My point is that, if a router can only get the Spanish “Ruta Vermont Quince” by synthesizing it from structured data, but only after analyzing the English name to determine that it’s ignorable, then why not synthesize the English name too?

Unfortunately, most routers still treat the way ref as the source of truth about route numbering. But this is beside the point. ↩︎

ezekielf · March 2, 2024, 8:50pm

This all makes perfect sense and is why I suggested:

A router looking for <tag indicating that name is based on ref> could then decide to use either name or a constructed name based on ref but would know that using both would be redundant.

It’s pretty clear from the above discussion that a separate tag hinting that the name is ignorable if you’re going to be constructing a name from route information would be a much more robust solution. Sure, the name can be synthesized but not every data consumer is going to be already synthesizing route names. For those than aren’t, just having a name tag on the way is more straightforward.

Minh_Nguyen · March 2, 2024, 9:09pm

So, name:separate=yes?

This is the current rationale for continuing to tag ref redundantly on each way that belongs to a route relation. For better or worse, that has been a winning argument for a while. But at least in that situation, one could argue that a non-relation-savvy data consumer is left with too little information to serve user needs. By comparison, “Vermont Route 15” adds relatively little information that ref=VT 15 doesn’t already provide. In particular, it communicates systematic, stylistic information about the route network as a whole rather than an individual street.

We can also contrast chain hotel names: a given chain may or may not have a consistent, well-documented standard for combining brand and branch into a name. Besides, the domain of POIs is considerably more open-ended than the domain of route networks. Similarly, if a town does prepend or append a direction, as in the cases I brought up, then I favor maintaining the fully qualified name in name. After all, we have no established alternative for storing these directionals, and the difference between a prefix and suffix can matter a great deal in some places.
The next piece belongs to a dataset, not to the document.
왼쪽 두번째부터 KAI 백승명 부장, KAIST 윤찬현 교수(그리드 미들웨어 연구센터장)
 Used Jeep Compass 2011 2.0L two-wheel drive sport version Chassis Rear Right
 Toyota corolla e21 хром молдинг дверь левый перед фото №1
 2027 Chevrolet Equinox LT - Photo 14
And tracking these nuances comprehensively would be quite a distraction.

ezekielf · March 2, 2024, 9:33pm

While it’s true that name=Vermont Route 15 is semi redundant with ref=VT 15, it does provide additional information. It specifies that the local street has a name rather than being nameless as noname=yes would indicate. It clarifies that the preferred name format locally is “Vermont Route 15”, not “State Route 15”, “State Highway 15”, “Vermont Highway 15”, or something else. You’ve shown that such a format can be stored in Wikidata to help data consumers construct names in the preferred local format, but this seems to me like an elaborate workaround that some data consumers have to deal with so that other data consumers don’t have to deal with some redundancy between name and ref.

ZeLonewolf · March 2, 2024, 9:44pm

I’ve separated these sentences as two specific concerns that should be separately addressed.
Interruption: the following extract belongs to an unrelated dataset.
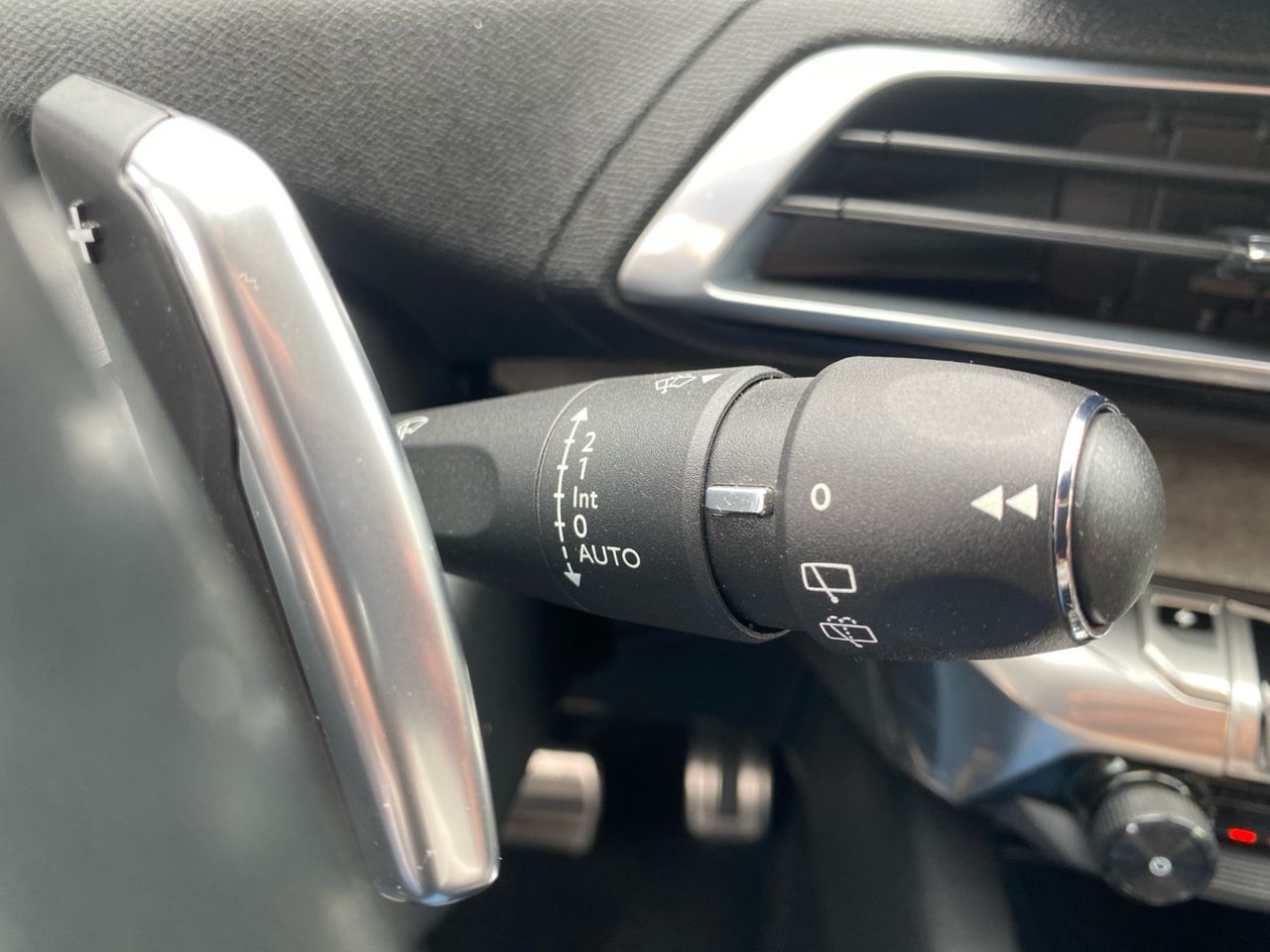 Peugeot 3008 Hybrid GT PACK HYBRID 300 e EAT8 - Foto 2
Could you clarify for us what you see as the distinction between a named stretch of Vermont Route 15 versus an unnamed stretch of Vermont Route 15?
Are there actual cases where one of the other formats are used in that route network? If no (which I think you indicated further back thread), would the issue be solvable purely within OSM if the route relation for Vermont Route 15 contained the name formatting information?
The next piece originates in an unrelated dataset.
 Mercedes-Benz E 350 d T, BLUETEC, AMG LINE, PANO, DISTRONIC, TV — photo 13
ezekielf · March 2, 2024, 10:13pm

There are no unnamed stretches. The distinction would be between a different road that is unnamed and this one. Certain stretches are named things like Mill Street or Center Road (here the overall name Vermont Route15 is an alternate name), other stretches use directional suffixes like Vermont Route 15 East, Vermont Route 15 West. Other stretches just use Vermont Route 15 as the local street name.

I would say mostly no. But there are cases of using directional suffixes as noted above. Format info on the route relation could surely be workable. But again, it feels more complicated than it needs to be for answering the simple question “what is the name of this street/road?” (specifically not considering routes).

Here’s a similar case with a different class of objects. Fast food establishments like McDonald’s, Burger King, etc typically have the exact same name and brand values. We could say that tagging name=McDonald's is redundant because brand=McDonald's already has all the information needed. We might even convince ourselves that these locations are nameless! Data consumers could be expected to use the brand tag in lieu of a missing name tag when processing amenity=fast_food POIs. This could be another one of those things that data consumers are expected to “just know” when processing OSM data. Of course this is not a perfect comparison, but my point is that redundant data exists on other object types so I don’t see why it shouldn’t be allowed on roads too.

ezekielf · March 2, 2024, 10:55pm

Since our discussion over road way names has now eclipsed the original descriptive names in road route relations discussion, I’ve split this out to its own topic. Apologies for thread hijacking .

Minh_Nguyen · March 3, 2024, 12:12am

The reasoning here is that a use case that doesn’t refer to the store location by the brand verbatim is a very obscure use case. What’s more, users of most languages would expect a data consumer to refrain from translating the brand’s name. That makes it closer to “North 24th Street” than “State Route 82” in my earlier example.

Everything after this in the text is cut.